I am planning to move to my company's corporate headoffice for a year long project in Bielefeld (Germany). I wanted to understand if a netto (net) salary of EUR 2500 is sufficient for a decent quality of life?(occassional eating outs, drinks, a little bit of shopping etc.) My company is providing me with a furnished residence, so i don't have to bother paying rent and electricity/heating charges etc. They have been kind enough to pay for a quarterly return flight in business class to my country. 

I am an MBA with almost 10 years of experience in the field of marketing and strategy. I am not married yet but plan to do so in 2018. What kind of money can i expect to save per month if i live like a normal German without being too stingy. 

Thank you very much in anticipation.

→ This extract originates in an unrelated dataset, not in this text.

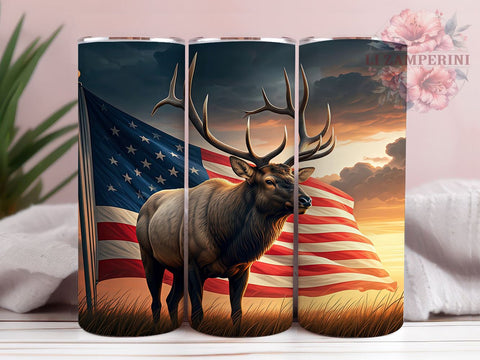 American Wildlife Elk Hunting Tumbler, 20oz Elk Mug, American Wildlife Tumbler, Nature Lover Gift, Elk Sublimation Design, Wildlife Drinkware, Hunting Theme Tumbler Sublimation Li Zamperini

With kind regards from India.


----------



## Bevdeforges (Nov 16, 2007)

If your employer is providing a furnished residence and utilities, just be aware that you will owe taxes on the value of the benefits provided, including (I think) that of the return flights. (However, that should already be figured into the netto salary figure they have quoted you.)

But given that you won't have rental expenses or charges on your accommodation, you should do reasonably well on 2500€ a month. 
Cheers,
Bev


----------



## az_dan (Nov 21, 2017)

Thank you, Bev @Bevdeforges for your quick feedback! A few more pointers:

1. My contract mentions "The company shall provide with accommodation
free of charge during the employment and shall bear any taxes and deductions that may
be due in this regard." - so I think am good here as far as taxes are concerned. 

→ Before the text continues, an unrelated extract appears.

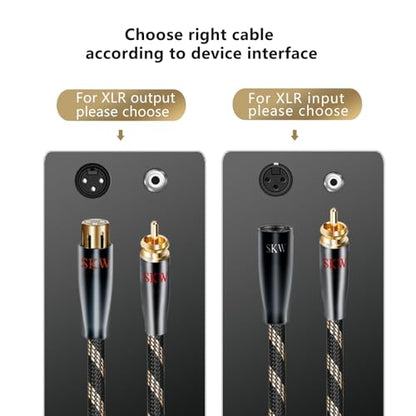 SKW Single XLR Female to RCA Male Cable, BG Series Ultra-high Purity Copper Audio Cable 9.8ft/3M (1 Cable) - color: XLR Female to RCA Male, size: 9.8 ft (3 m)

2. Local transportation pass (Bahn, bus etc) is provided free of cost. 

3. The "company will bear all costs incurred for tax advice and preparation of the income tax 
return. The company shall bear any taxes and deductions that may be due in this regard." - am assuming this costs of filing tax returns in Germany is taken care of...?

Bev - I have a few more questions pertaining to the contract, quote "Mr.XXX shall be assigned to salary group V in the first year of employment, in accordance with the salary framework agreement of the tariff association for Wholesale, Foreign Trade and Services in North Rhine Westphalia
(Tarifgemeinschaft Großhandel – Außenhandel – Dienstleistungen NRW). The agreed
monthly salary is *2.992,00 euros gross." 

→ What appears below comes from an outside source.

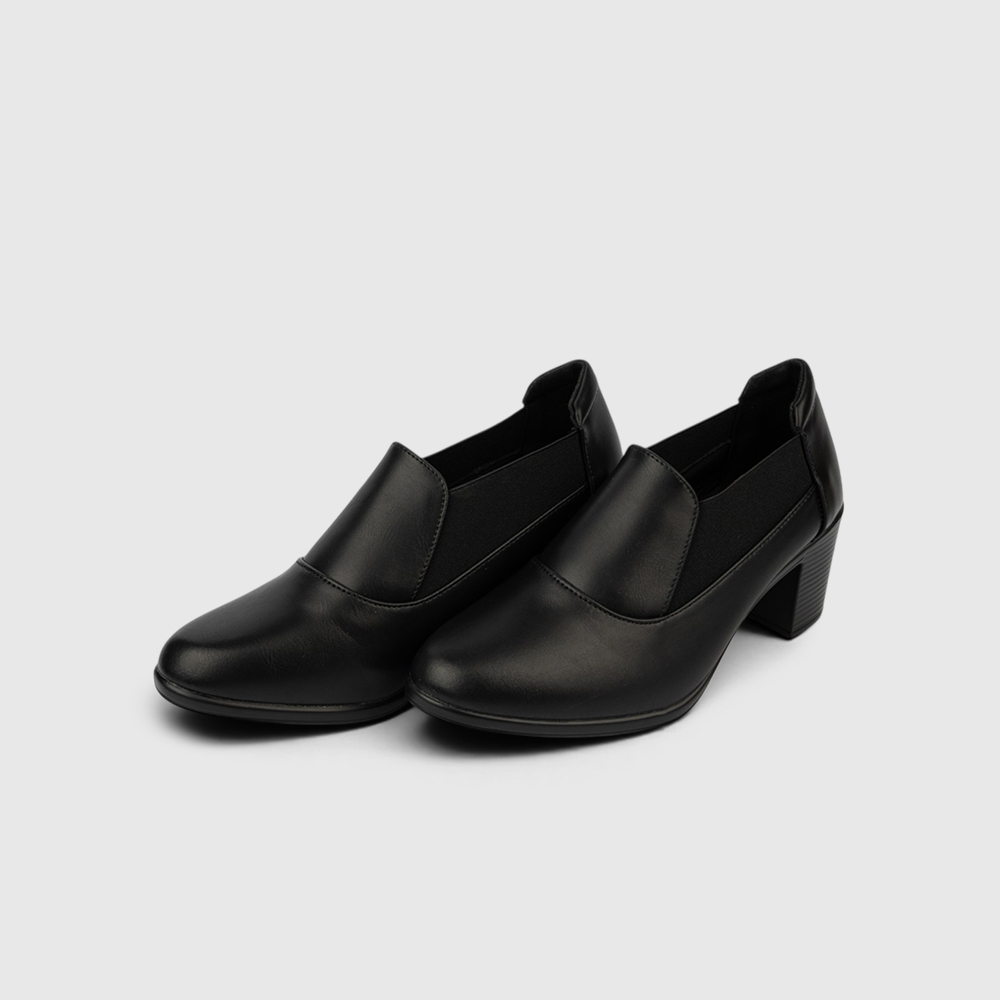 LARRIE Ladies Black Slip-On Chunky Heels - Image 2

Whats this 2.992,00 euros gross in the above paraphrase? Since they mentioned a monthly salary of 4250eur gross in the first few lines of the contract. 

Sorry for the long post, but I really do not have any reference in Germany to ask these questions. I wanna do my homework before my discussion with the Human resources manager in Germany. 

Dankeschoen!


----------



## Bevdeforges (Nov 16, 2007)

Frankly, I have no idea why the difference in the gross salaries you've been quoted. I don't know anything about the regional agreements as they relate to salary - plus the whole system of unions and withholdings changed shortly after I left Germany, and I haven't kept up with the changes.

Let's see if we can flag down someone who might be able to explain what's happening here.
Cheers,
Bev


----------